I ran Principal Component Analysis (PCA) on the hog features that I calculating (Using Navneet Dalal’s code) and the result was not spectacular. I plotted the result and color coded the types of flowers (bud:red, female:green, unknownSex:blue, hair:cyan, male:magenta). The figure suggests that the buds are easily differentiable from the rest since they are nicely grouped to one side. It also elucidates the lack of hair types (we don’t see much cyan). As could be expected the unknown type is all over the place. And finally we have the male and female somewhere spread out in the middle of the figure. I was expecting a bit more separation between male and female types.
Knowing that the neural network and/or the Support Vector Machine that I’ll use to classify the images could have good behavior despite the PCA results I have some observations that might be relevant as we move forward. These observations can produce some changes in the way we do the annotations.
- All the females are not alike. There are three different types of females, each with a specific shape. We might get better results if we separate these types into sub-types. Note that If we do this we might not have enough data (ATM) to train and test.
- Looking at the cropped images I notice that we get pictures that look out strange. There are some instances that are too dark or too mangled to distinguish them (at a glance). I still don’t know the reason for this. I suspect it’s because they have lost all context (surrounding pixels). They could also be wrongly annotated. The flowers are very small and the camera sometimes does not capture all the features needed.
- We need more data. The hair types only have 50 examples and the buds only have 217. This is a small number compared to the 800 (approx) that the male and female have.
- There is a similarity between the shape of one of the types of female and the males.
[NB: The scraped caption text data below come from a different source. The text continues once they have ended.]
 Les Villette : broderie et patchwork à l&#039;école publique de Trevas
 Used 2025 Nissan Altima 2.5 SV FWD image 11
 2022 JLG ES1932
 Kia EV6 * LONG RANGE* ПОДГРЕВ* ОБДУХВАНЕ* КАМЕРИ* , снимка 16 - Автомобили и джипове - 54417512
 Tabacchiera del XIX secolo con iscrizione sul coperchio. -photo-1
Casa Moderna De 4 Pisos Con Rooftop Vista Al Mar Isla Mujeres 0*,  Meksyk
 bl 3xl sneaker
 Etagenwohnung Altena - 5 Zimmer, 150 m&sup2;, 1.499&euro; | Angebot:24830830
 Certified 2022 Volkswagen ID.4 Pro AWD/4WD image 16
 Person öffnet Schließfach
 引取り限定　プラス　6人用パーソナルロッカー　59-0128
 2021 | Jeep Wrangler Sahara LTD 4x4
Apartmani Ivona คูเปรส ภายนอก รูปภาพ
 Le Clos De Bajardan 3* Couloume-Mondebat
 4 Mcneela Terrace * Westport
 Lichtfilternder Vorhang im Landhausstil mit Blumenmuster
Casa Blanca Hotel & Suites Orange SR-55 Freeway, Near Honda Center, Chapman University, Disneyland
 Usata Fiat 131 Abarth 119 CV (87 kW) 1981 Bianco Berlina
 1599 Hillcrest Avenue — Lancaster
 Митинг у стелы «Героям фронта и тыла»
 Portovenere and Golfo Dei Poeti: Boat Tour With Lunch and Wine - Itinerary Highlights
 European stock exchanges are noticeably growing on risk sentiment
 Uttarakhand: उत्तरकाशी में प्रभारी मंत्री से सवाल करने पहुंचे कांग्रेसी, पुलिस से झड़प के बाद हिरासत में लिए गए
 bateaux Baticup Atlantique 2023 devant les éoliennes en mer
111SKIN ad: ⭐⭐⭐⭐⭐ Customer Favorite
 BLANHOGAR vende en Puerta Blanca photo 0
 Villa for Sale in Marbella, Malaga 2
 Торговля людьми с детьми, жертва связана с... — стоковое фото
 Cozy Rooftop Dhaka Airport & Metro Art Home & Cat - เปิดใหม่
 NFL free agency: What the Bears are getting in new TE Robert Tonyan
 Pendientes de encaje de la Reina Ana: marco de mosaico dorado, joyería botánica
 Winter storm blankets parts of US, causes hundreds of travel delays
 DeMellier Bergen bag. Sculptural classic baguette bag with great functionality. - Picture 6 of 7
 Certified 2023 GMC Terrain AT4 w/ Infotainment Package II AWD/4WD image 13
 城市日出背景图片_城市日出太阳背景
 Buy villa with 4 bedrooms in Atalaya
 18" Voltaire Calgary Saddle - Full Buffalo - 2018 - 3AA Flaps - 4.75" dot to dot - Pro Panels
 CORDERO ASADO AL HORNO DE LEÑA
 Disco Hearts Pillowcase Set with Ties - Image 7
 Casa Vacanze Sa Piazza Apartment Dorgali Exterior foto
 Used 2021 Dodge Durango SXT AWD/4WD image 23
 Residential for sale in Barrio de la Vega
This similarity is even more pronounced knowing that the HOG features are calculated using only one color channel. If this becomes a problem we might want to use the color dimension in a form of a hue histogram (or something of the sort). We could also merge the flowers that look-alike into a separate type; This would still allow us to separate one type of female from the merged type.
- There are some annotations that contain more background than flower. These annotations are of flowers that are in some sort of L-shape or are in diagonal position. To reduce the amount of unwanted background we could have a policy of annotating the top of the flowers only. We could also separate the annotation in smaller squares that better capture the whole of the flower.
- Some flowers are elongated and in some pictures are annotated with elongated rectangles and in others with squares (seen from above). For the HOG feature I “normalize” everything to a square. This means that some images get distorted and might lose their differentiating features. To avoid this we might want to do the same as in 5.